◆ TASK REQUIREMENTS: Using the data below, restate exactly every line from the one with "Gala Shoe W/ Bow | Bordeaux" up to and including the one with "3N1AB7AP2GY235828 2016 NISSAN". No picture belongs in it.

◆ TASK MATERIAL:
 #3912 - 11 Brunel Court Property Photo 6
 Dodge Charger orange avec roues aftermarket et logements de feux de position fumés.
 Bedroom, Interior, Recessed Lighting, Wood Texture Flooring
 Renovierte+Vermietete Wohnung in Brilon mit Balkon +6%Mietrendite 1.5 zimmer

...

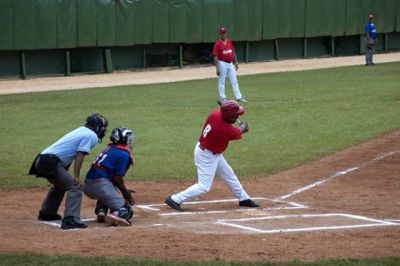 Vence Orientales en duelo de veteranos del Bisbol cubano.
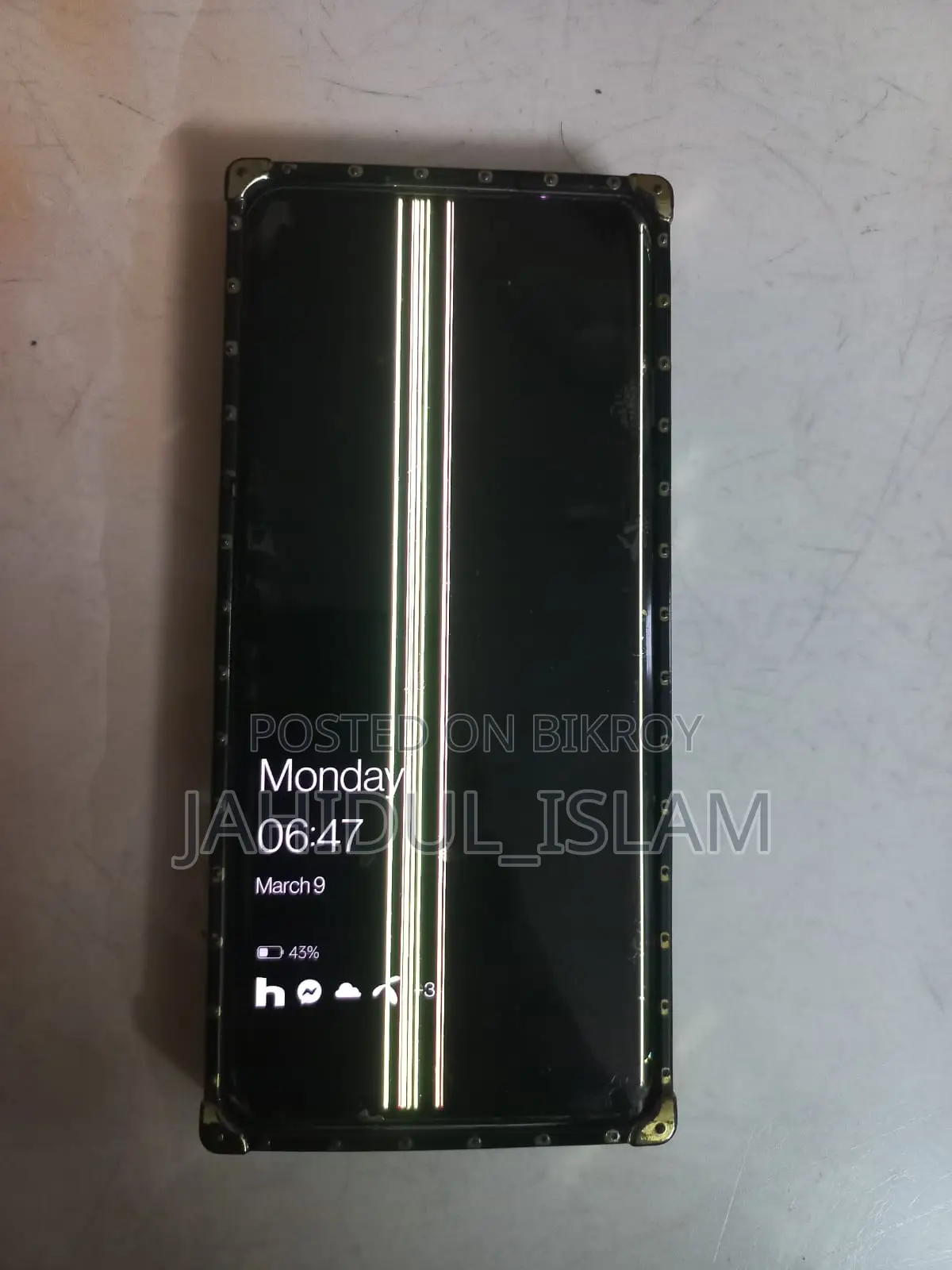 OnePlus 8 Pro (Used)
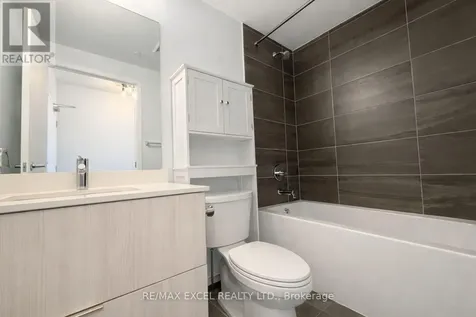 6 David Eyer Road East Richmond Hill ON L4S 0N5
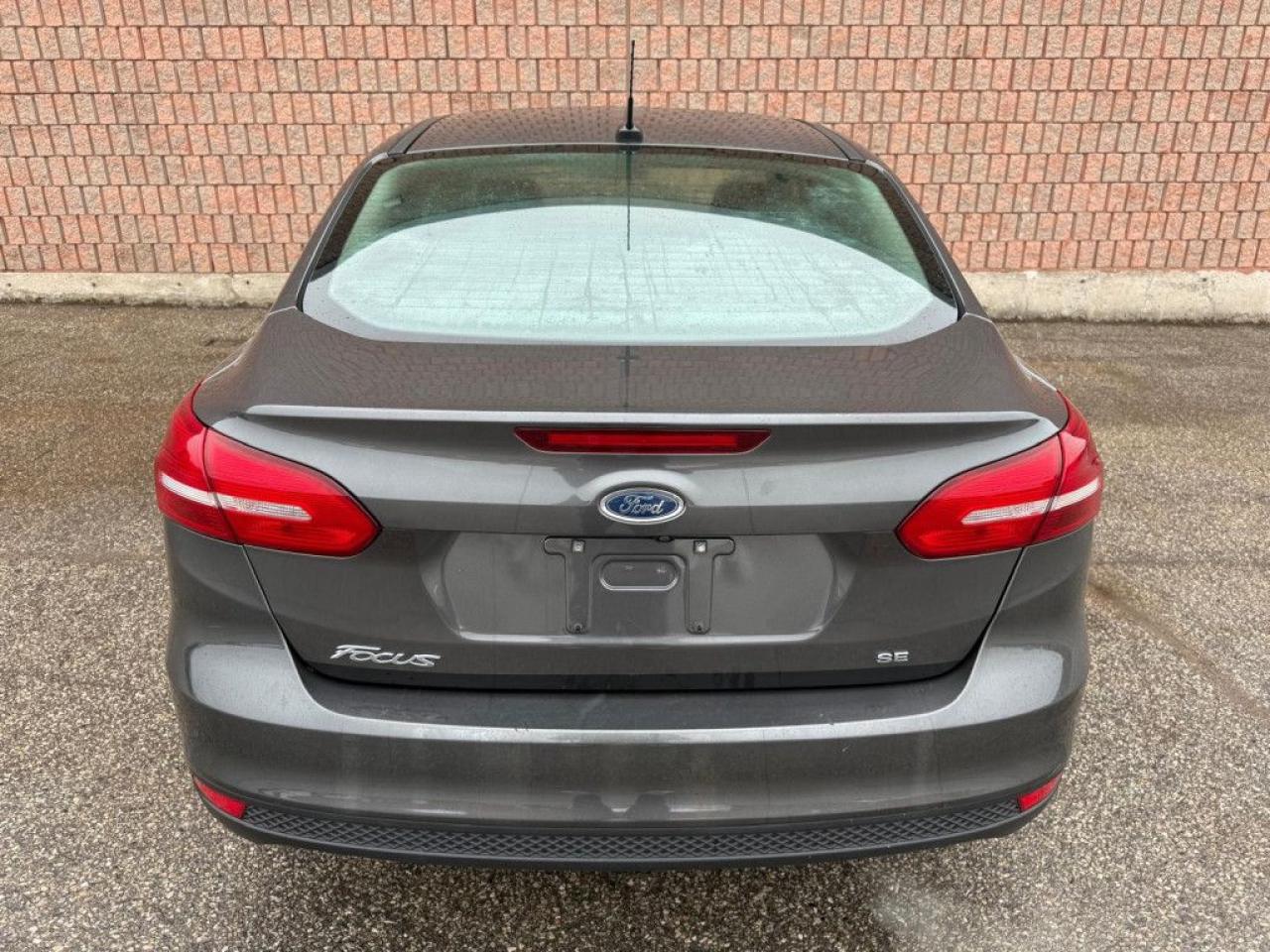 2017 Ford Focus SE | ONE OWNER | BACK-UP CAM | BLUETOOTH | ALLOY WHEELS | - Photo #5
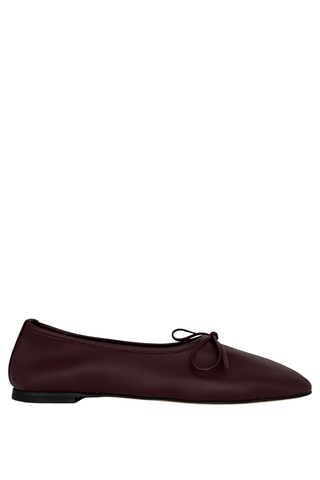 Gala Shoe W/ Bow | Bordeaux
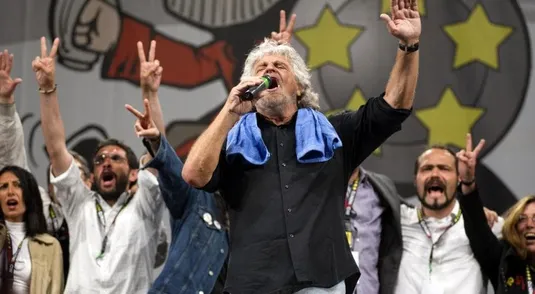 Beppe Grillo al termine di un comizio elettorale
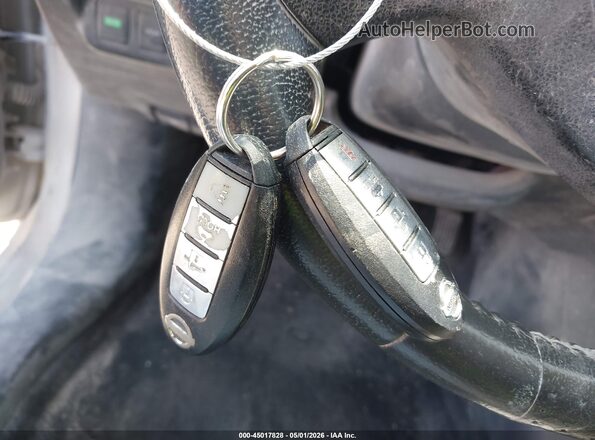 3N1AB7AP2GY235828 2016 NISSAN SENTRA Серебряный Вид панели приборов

◆ EXERCISE RESPONSE:
 Gala Shoe W/ Bow | Bordeaux
 Beppe Grillo al termine di un comizio elettorale
 3N1AB7AP2GY235828 2016 NISSAN SENTRA Серебряный Вид панели приборов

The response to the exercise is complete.